ATRA, when first used to treat APL, was found to result in a previously undescribed, potentially life-threatening set of toxicities in some patients. Originally called retinoic acid syndrome, we have come to learn that this is a differentiation syndrome, seen not only with ATRA but with arsenic trioxide in APL and now with a cohort of newer agents in AML therapy. Its identification remains a challenge, because the symptoms of differentiation mimic those of the disease and treatment is not without consequences. Given the risk of morbidity and mortality associated with underdiagnosis, the How I Treat series on differentiation syndrome illustrates several scenarios to assist in both diagnosis and treatment.

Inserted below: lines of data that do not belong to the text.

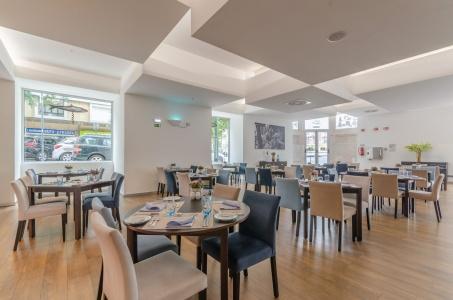 Jupiter Lisboa – Rooftop & Spa - 34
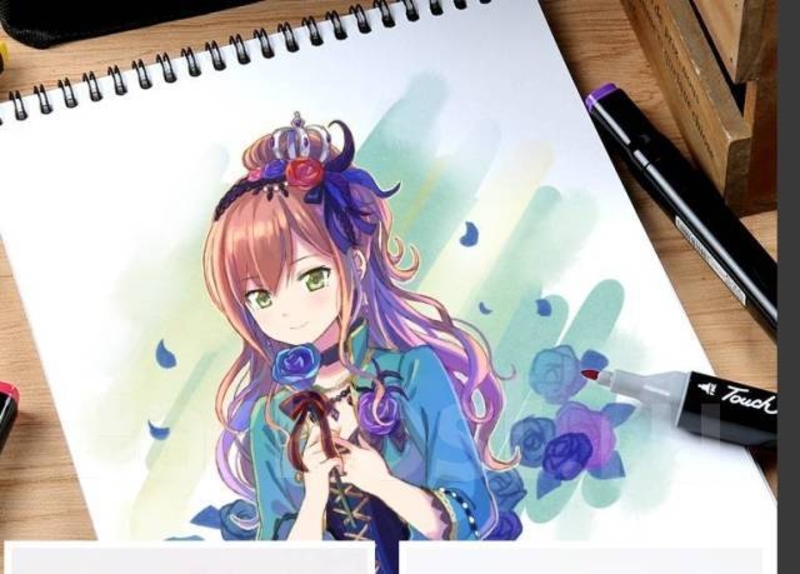 Уроки рисования Аниме — курс pro в Запорожье - <ro>Изображение</ro><ru>Изображение</ru> #1, <ru>Объявление</ru> #1694633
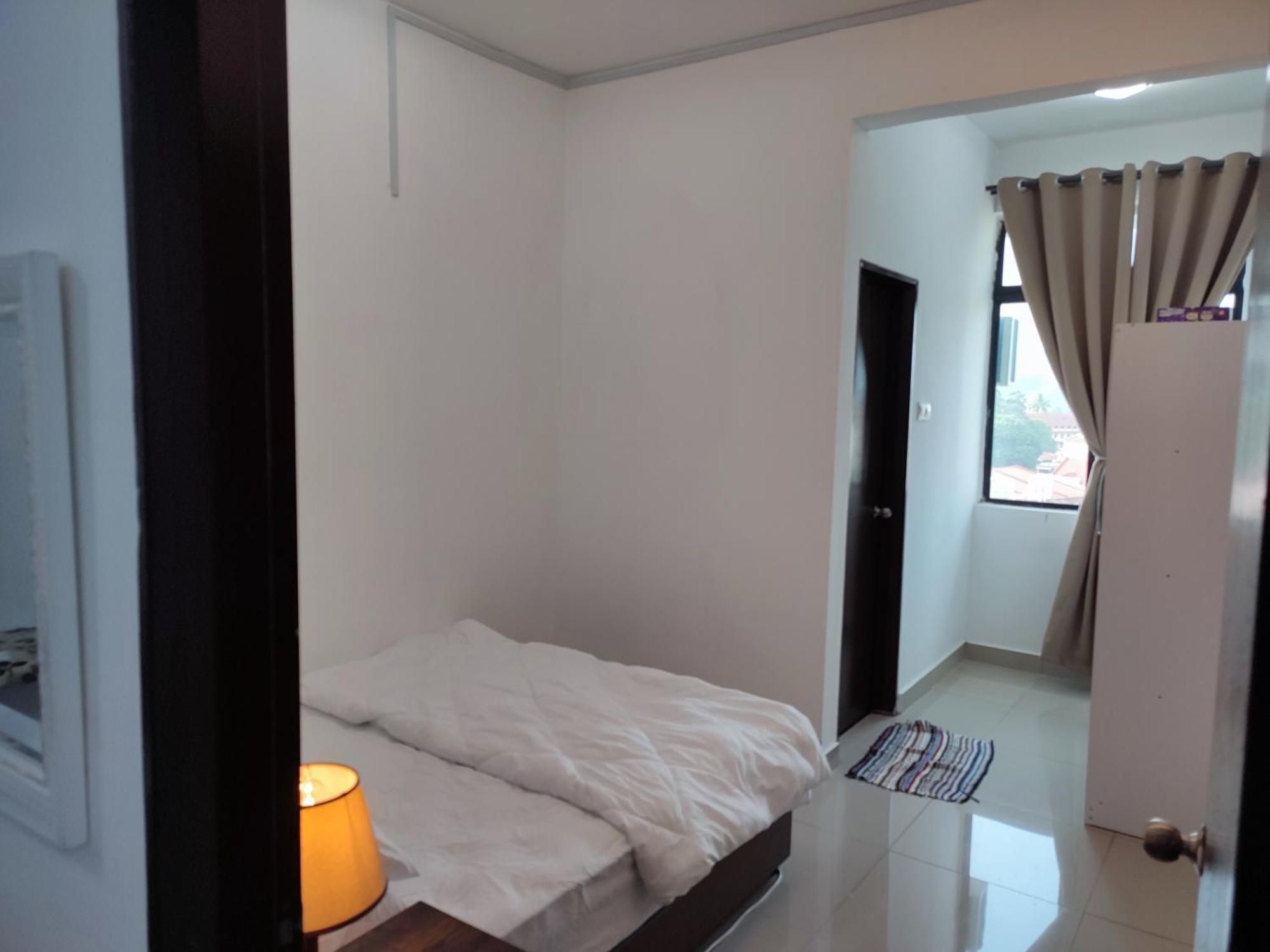 Homestay Studio Apartment Bentara Suite, Kompleks Mutiara Gua Musang Kültér fotó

Although novel agents have allowed us to provide life-prolonging therapy to older patients and patients with comorbidities, and targeted agents, alone or in combination with cytotoxic and lower-intensity regimens, are now being used not only for relapse but also in patients with newly diagnosed AML, patients with secondary AML continue to pose a challenge. Some of these patients have received hypomethylating agents for prior myeloid disorders or have mutations that are thought to be unlikely to benefit from the newer regimens. Often not included in clinical trials, expert guidance is welcome in both the analyses of value at diagnosis and treatment of these challenging cases.

Although most patients with AML will now achieve a remission, relapse and death from disease is still unfortunately a significant challenge. As such, allogeneic transplant remains the mainstay of therapy for those patients who do not have low-risk disease. For those patients who are not candidates for transplant or remain high-risk despite transplant, patients and physicians alike have always considered extending treatment, but until recently there were no agents available that offered a safety, toxicity, and efficacy profile that was of value. Hypomethylating agents have now been demonstrated to be of value as maintenance therapy in patients who do not proceed to transplant in first remission, however, many questions remain regarding the duration of maintenance, the role of maintenance after transplant, the use of targeted agents, and the approach to those for whom studies are not available.

By using illustrative patient examples, through narrative, tables, and figures, these How I Treat articles provide valuable insights and recommendations concerning the management of AML in an exciting evolving era with new diagnostic and therapeutic tools.